Find the line below with "Dark Headboard Against" and the line with "close-up of mauve". Output them and the lines between, exactly, but not the pictures.
[MATERIAL PROVIDED Boundary: Start]
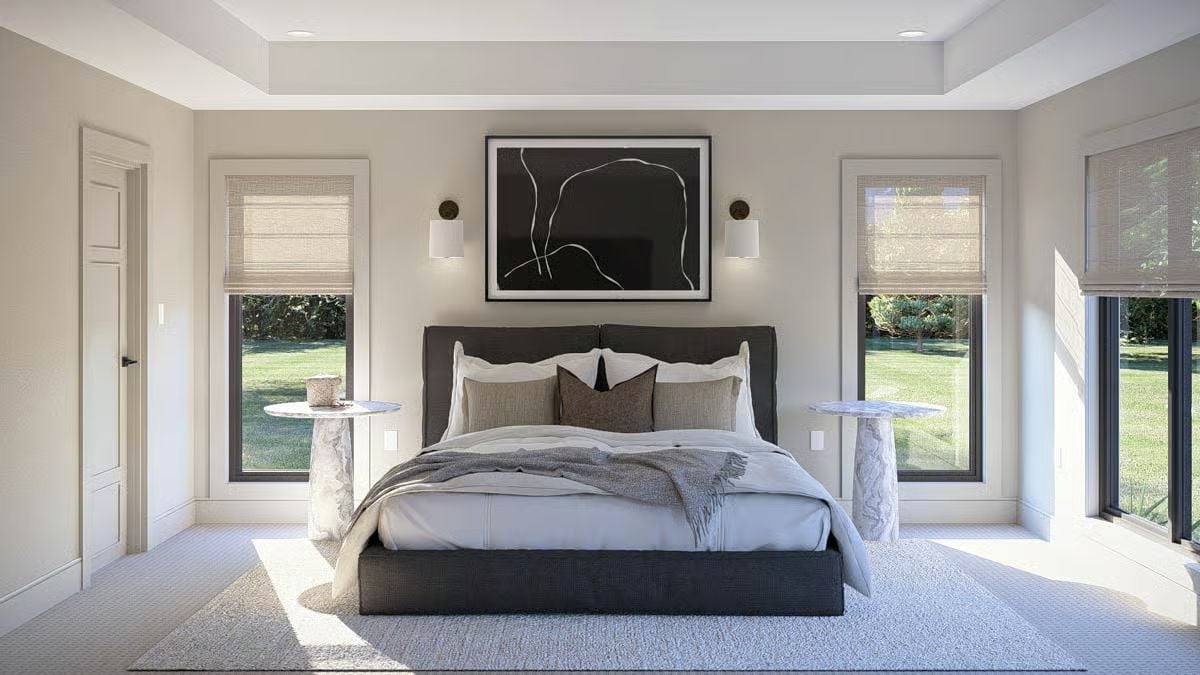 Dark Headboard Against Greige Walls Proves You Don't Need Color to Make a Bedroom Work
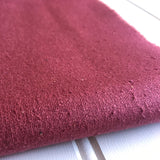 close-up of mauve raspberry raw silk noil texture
[MATERIAL PROVIDED Boundary: End]
[MATERIAL PROVIDED Boundary: Start]
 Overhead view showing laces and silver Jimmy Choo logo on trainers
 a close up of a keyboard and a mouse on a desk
[MATERIAL PROVIDED Boundary: End]
_RESULT BELOW_
 Dark Headboard Against Greige Walls Proves You Don't Need Color to Make a Bedroom Work
 close-up of mauve raspberry raw silk noil texture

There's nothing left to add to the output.